Le modèle de Mémoire à Traces Multiples (i.e., Multiple Trace Memory, MTM, Ans, Carbonnel & Valdois, 1998 ;Juphard, Carbonnel, Ans & Valdois, 2006) reprend l’architecture de base du réseau PDP sauf qu’il s’avère capable de traiter des mots polysyllabiques français. Cependant, le MTM ne défend pas une seule et unique procédure de traitement et s’oppose aux modèles à deux voies en ce sens qu’il prône l’existence d’une seule voie composée de deux procédures, l’une globale et l’autre analytique (Figure 10). Toutefois, ces deux procédures ne fonctionnent pas en parallèle, mais de manière sérielle et ne reposent pas sur l’utilisation des règles CGP (seules les connaissances des lettres avaient été implémentées). La procédure analytique est toujours précédée par la procédure globale, n’intervenant alors que lorsque la première échoue. Comme dans les modèles PDP, ces deux procédures ne font pas de distinction en fonction du type d’items à traiter (i.e., mot ou pseudomot) mais reposent sur une fenêtre visuo-attentionnelle orthographique différente. En d’autres termes, les traitements globaux sont effectués sur la partie non ambiguë la plus large possible de l’item alors que les traitements analytiques vont comparer séquentiellement les syllabes voire même les graphèmes jusqu’à ce que la prononciation soit rendue possible. Tout ce système s’appuie sur cette complémentarité successive temporelle de deux procédures dont l’efficacité rend compte à des excellentes performances du réseau. En lecture de mots mono- et bisyllabiques, 97.52% sont lus globalement et 2.48% analytiquement alors que 77.35% sont lus analytiquement et 22.65% globalement lorsqu’il s’agit de pseudomots.

Les résultats produits par le modèle ont été confortés et enrichis par les travaux de Juphard et al. (2006).

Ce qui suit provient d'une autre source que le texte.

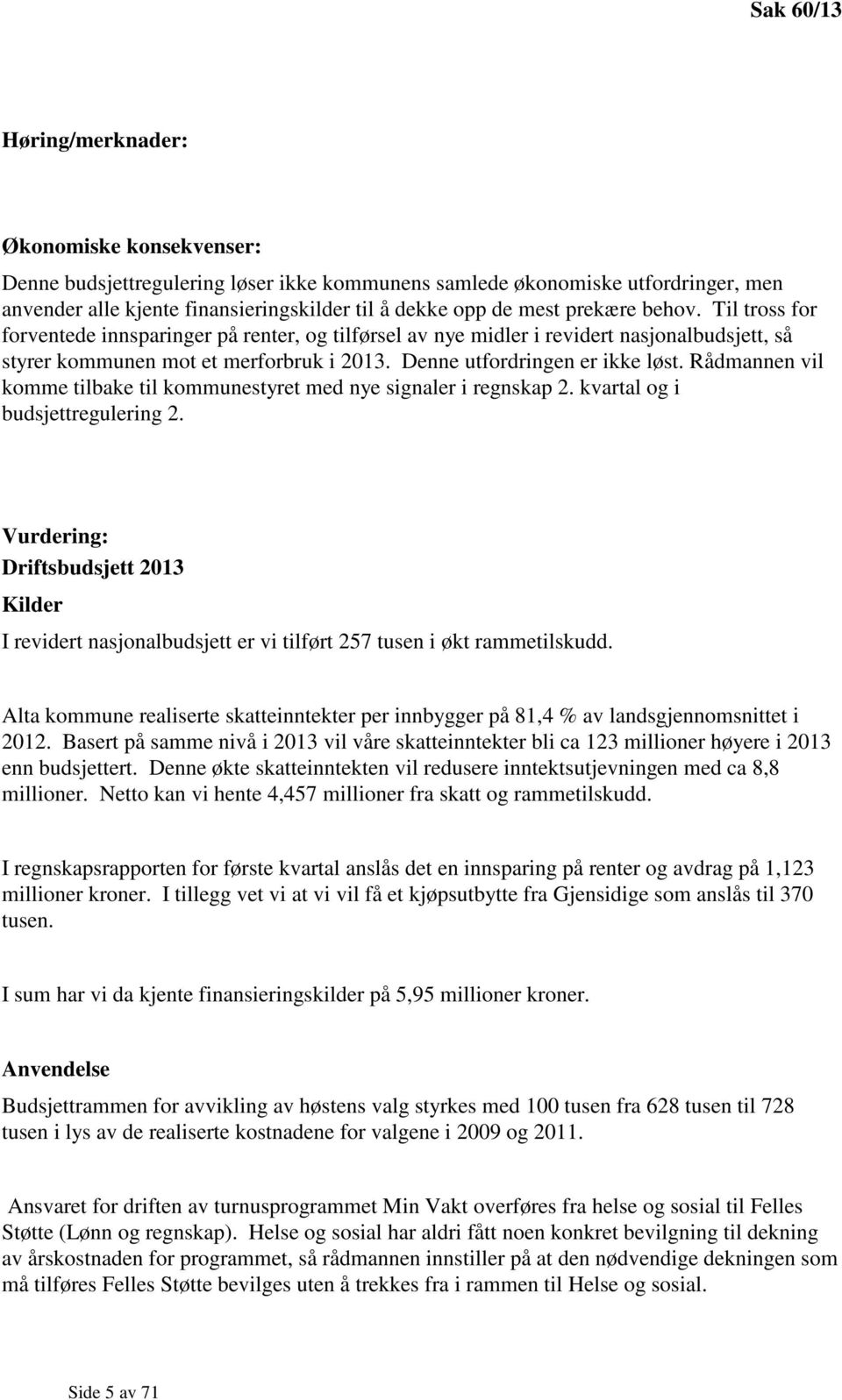 Denne utfordringen er ikke løst. Rådmannen vil komme tilbake til kommunestyret med nye signaler i regnskap 2. kvartal og i budsjettregulering 2.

Ces auteurs ont montré que les mots de deux syllabes étaient traités plus rapidement que les mots de trois syllabes, ces derniers étant eux-mêmes traités plus rapidement que les mots de quatre syllabes. En prononciation, les pseudomots engendraient des temps de réponse plus longs que les mots. Ce dernier résultat est expliqué par le fait que dans le cas des pseudomots, la procédure analytique s’applique et est donc temporellement plus tardive. Mais cet effet disparaît en décision lexicale, en conformité avec les prédictions du MTM qui ne différencie pas les deux catégories d’items pour, finalement, les traiter par une procédure globale. Une extension possible du comportement du MTM est de stipuler que l’activation de la procédure globale va avoir lieu pour les items fréquents tandis que la procédure analytique va se déclencher pour les items peu fréquents (effet de longueur de mot) (pour des résultats en accord avec les simulations de Ans et al., 1998 ou Juphard et al., 2006, voir Ferrand, 2000 ; partiellement les observations de Ferrand & New, 2003 ; Weekes, 1997).

Figure 10. Architecture du modèle de lecture MTM, adapté de Ans et al. (1998).